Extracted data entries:
━━━

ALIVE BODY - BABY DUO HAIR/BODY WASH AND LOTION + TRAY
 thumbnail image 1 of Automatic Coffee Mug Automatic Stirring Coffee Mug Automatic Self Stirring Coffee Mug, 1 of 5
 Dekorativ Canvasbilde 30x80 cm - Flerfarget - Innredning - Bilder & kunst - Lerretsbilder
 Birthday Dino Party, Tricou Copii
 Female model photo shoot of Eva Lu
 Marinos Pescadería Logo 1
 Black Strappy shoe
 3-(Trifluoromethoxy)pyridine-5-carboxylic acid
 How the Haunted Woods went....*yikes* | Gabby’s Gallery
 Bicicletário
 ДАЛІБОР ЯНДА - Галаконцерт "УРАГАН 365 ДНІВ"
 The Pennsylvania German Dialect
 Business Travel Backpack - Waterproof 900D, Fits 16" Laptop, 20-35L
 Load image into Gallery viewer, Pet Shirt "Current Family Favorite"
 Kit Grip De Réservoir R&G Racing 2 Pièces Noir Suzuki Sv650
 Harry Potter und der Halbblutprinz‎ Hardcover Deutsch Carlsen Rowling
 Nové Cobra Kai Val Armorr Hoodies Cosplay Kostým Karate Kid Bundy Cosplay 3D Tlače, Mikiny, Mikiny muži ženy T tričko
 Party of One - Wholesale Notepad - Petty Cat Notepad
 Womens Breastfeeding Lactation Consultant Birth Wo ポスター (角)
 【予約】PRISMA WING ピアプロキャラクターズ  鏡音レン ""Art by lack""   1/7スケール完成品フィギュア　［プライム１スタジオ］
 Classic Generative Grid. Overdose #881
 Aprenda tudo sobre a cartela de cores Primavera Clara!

━━━

» Task description
Reproduce each entry exactly, leaving out nothing.

» Answer area
ALIVE BODY - BABY DUO HAIR/BODY WASH AND LOTION + TRAY
 thumbnail image 1 of Automatic Coffee Mug Automatic Stirring Coffee Mug Automatic Self Stirring Coffee Mug, 1 of 5
 Dekorativ Canvasbilde 30x80 cm - Flerfarget - Innredning - Bilder & kunst - Lerretsbilder
 Birthday Dino Party, Tricou Copii
 Female model photo shoot of Eva Lu
 Marinos Pescadería Logo 1
 Black Strappy shoe
 3-(Trifluoromethoxy)pyridine-5-carboxylic acid
 How the Haunted Woods went....*yikes* | Gabby’s Gallery
 Bicicletário
 ДАЛІБОР ЯНДА - Галаконцерт "УРАГАН 365 ДНІВ"
 The Pennsylvania German Dialect
 Business Travel Backpack - Waterproof 900D, Fits 16" Laptop, 20-35L
 Load image into Gallery viewer, Pet Shirt "Current Family Favorite"
 Kit Grip De Réservoir R&G Racing 2 Pièces Noir Suzuki Sv650
 Harry Potter und der Halbblutprinz‎ Hardcover Deutsch Carlsen Rowling
 Nové Cobra Kai Val Armorr Hoodies Cosplay Kostým Karate Kid Bundy Cosplay 3D Tlače, Mikiny, Mikiny muži ženy T tričko
 Party of One - Wholesale Notepad - Petty Cat Notepad
 Womens Breastfeeding Lactation Consultant Birth Wo ポスター (角)
 【予約】PRISMA WING ピアプロキャラクターズ  鏡音レン ""Art by lack""   1/7スケール完成品フィギュア　［プライム１スタジオ］
 Classic Generative Grid. Overdose #881
 Aprenda tudo sobre a cartela de cores Primavera Clara!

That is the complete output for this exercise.